Anchored on the strength of Article 58 of the 1993 revised ECOWAS Treaty which calls for the establishment of “a regional peace and security observation system” and the 1999 ECOWAS Security Protocol, the ECOWARN finds relevance in its appreciation of regional implication of the human and financial costs of intra-state conflicts in West Africa, with particular respect to the use of child soldiers, armed militias and mercenaries, movement of refugees, and coup d’états.
Despite these milestones, West Africa is not completely immune from conflicts. Beyond the successful arrest of the Ivorian crisis, the attained lull in Niger Delta militancy (courtesy of the Amnesty Programme) and ongoing negotiation of political transition in Burkina Faso, Guinea Bissau and Mali, the frequently charged atmosphere of elections in many countries in the sub-region poses a recurring threat to peace and security.

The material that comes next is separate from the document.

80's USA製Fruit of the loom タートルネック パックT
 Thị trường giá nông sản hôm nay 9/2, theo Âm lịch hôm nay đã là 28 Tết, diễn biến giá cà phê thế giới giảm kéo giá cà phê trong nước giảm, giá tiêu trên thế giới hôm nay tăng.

And if developments across Africa are anything to draw any lesson(s) from, it appears very strong that election irregularities will remain with us for a long time. Indeed, the absence of free and fair elections will remain a threat to democracy and democratisation as well as peace and security in the sub-region.
While periodic elections may have in the past facilitated transition from authoritarian/military and one-party rule to multi-party elected governments in West Africa, the exercises are still largely flawed with very little or no democratic culture. To this extent, elections in the sub-region have become incapable of delivering democratic consolidation, peace and security, and sustainable development.
This fragility is what Nigeria’s 2015 election depicted. As many would confess, the success of the exercise enabled the country to avoid the implosion envisioned because of all the negativities that were thrown up. The fact that not all countries would be as lucky as Nigeria makes a case for the creation and strengthening of viable political institutions and values that are capable of deepening democracy and democratisation in West Africa.
As challenging as this task may seem, the ECOWAS Supplementary Protocol on Democracy and Good Governance remains the best entry point for democratic consolidation in the region. Besides demonstrating a zero tolerance for power obtained or maintained by unconstitutional means, it also pushes for a transition from ECOWAS of states to ECOWAS of citizens – through promotion of democratic ideas that are in tandem with constitutional convergence, conduct of credible elections, strengthening of critical institutions, poverty alleviation, rule of law and guarantee of rights for all – including of women, children and youth.
The Protocol opens up opportunity to prioritise human security over regime security and its associated devastating impacts of conflicts in West Africa. Because it places people at the centre of security and democratic equation, such a broader conception of security and guarantee of safe environment underscores the inextricable link between democracy and development. The step to achieving this requires multi-stakeholder collaboration by ECOWAS, governments of its member states, as well as bilateral, multi-lateral and civil society organisations.
Another West Africa is certainly possible, if we all act in a manner that is demonstrative of collective and enlightened self-interest.